More than 3 years have passed since last update.

CDK + PythonでStepFunctionsを使うためのあれこれ

Last updated at 2020-12-22Posted at 2020-12-22

この記事は、CyberAgent Developers Advent Calendar 2020 の23日目の記事です。

CDKとは

CDKとはAWSの構成管理をjs製のコマンドと、TypeScriptやPythonなどのプログラミング言語で利用することができるCloudFormationAPIのラッパーライブラリです。

公式ドキュメント

書き慣れている言語で記述できるため、YAMLやJSONでの構成管理に慣れていないサーバーサイドエンジニアにもとっつきやすく、サーバーサイドエンジニアにインフラ管理も任せていきたい、というプロジェクトにおすすめです。

また、抽象化や共通化ができるため、幅広い表現が可能です。

今回は、そんなSDKでStepFunctionsの構成管理をした際に使用した、初歩的な部分から、ちょっと突っ込んだ部分までを書いていきたいと思います。

CDK + Python + StepFunctions

CDKの基本的な書き方については、githubのgetting-started 等を参照してください。
本記事では、StepFunctionsを扱う部分にスコープして記述して行きます。

StepFunctionsをデプロイする

まず、基本的な書き方は下記のようになります。


from aws_cdk import (
    core,
    aws_lambda as lambdas,
    aws_stepfunctions_tasks as tasks,
    aws_stepfunctions as sf
)


class SampleStack(core.Stack):

    def __init__(self,
                 scope: core.Construct,
                 id: str,
                 **kwargs) -> None:
        super().__init__(scope, id, **kwargs)

        hello_lambda: lambdas.Function = # Lambdaの定義

        hello_task: tasks.LambdaInvoke = tasks.LambdaInvoke(self,
                                                            "[Lambda] hello",
                                                            lambda_function=hello_lambda)
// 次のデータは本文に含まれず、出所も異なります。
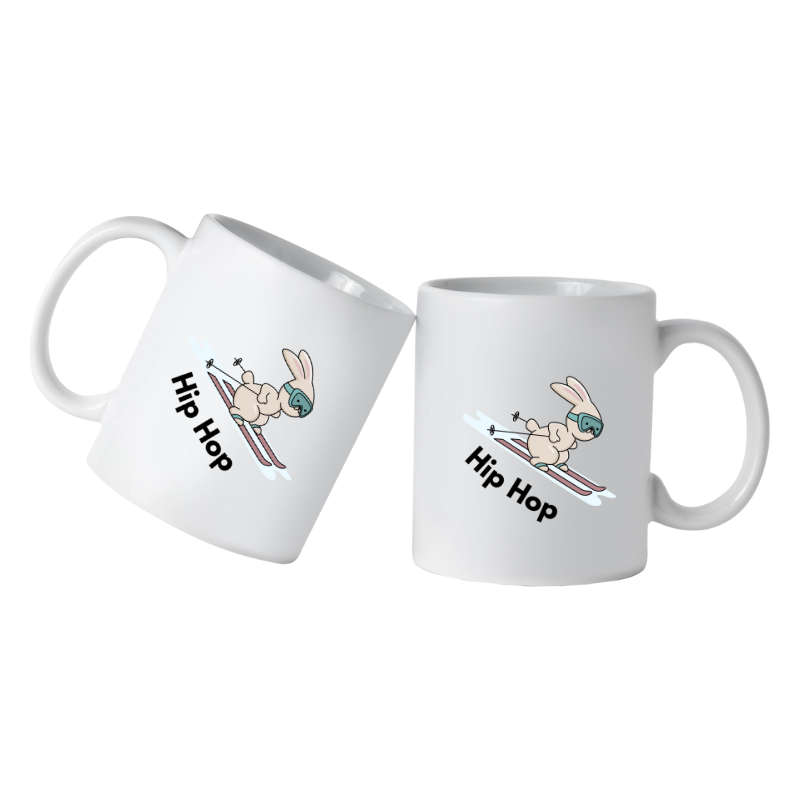 Printed Mug - Hip Hop Rabbit Printed Mug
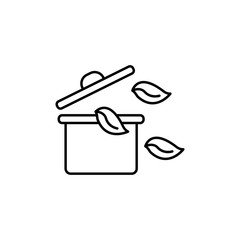 Poster - Healthy soup icon. Simple line, outline vector of organic food icons for ui and ux, website or mobile application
        world_lambda: lambdas.Function = # Lambdaの定義

        world_task: tasks.LambdaInvoke = tasks.LambdaInvoke(self,
                                                            "[Lambda] world",
                                                            lambda_function=world_lambda)

        definition: sf.Chain = hello_task.next(world_task)

        sf.StateMachine(self, "hello_workflow", definition=definition)

上記のコードでは、

必要なリソースの定義
リソースを実行するtaskの定義
workflowの定義
StateMachineの定義

が行われています。

生成されたワークフロー

値の受け渡し

各タスクへのタスクの受け渡しは下記のように記述します。

from aws_cdk import (
    core,
    aws_stepfunctions_tasks as tasks,
    aws_stepfunctions as sf
)


class SampleStack(core.Stack):

    def __init__(self,
                 scope: core.Construct,
                 id: str,
                 **kwargs) -> None:
        super().__init__(scope, id, **kwargs)

        hello_lambda: lambdas.Function = # Lambdaの定義

        hello_task: tasks.LambdaInvoke = tasks.LambdaInvoke(self,
                                                            "[Lambda] hello",
                                                            lambda_function=hello_lambda,
                                                            result_path="$.helloLambda")

        world_lambda: lambdas.Function = # Lambdaの定義

        world_task: tasks.LambdaInvoke = tasks.LambdaInvoke(self,
                                                            "[Lambda] world",
                                                            lambda_function=world_lambda,
                                                            payload=sf.TaskInput.from_json_path_at("$.helloLambda.Payload"))

        definition: sf.Chain = sf.Chain.start(hello_task).next(world_task)

        sf.StateMachine(self, "hello_workflow", definition=definition)

StepFunctionではresult_pathを記載することで、jsonに対して実行結果を追加することができます。
このように記述することで、hello_task の実行結果を world_task に渡すことができます。
詳しくは、StepFunctionsの公式ドキュメントを参照してください。

エラーハンドリング

add_catch を利用することでエラーの通知等を楽に行える。
$$.Execution.id , $.Error, $.Cause 等を出力すると原因の究明、再実行等が楽に行えるのでおすすめです。

from aws_cdk import (
    core,
    aws_lambda as lambdas,
    aws_stepfunctions_tasks as tasks,
    aws_stepfunctions as sf
)


class SampleStack(core.Stack):

    def __init__(self,
                 scope: core.Construct,
                 id: str,
                 **kwargs) -> None:
        super().__init__(scope, id, **kwargs)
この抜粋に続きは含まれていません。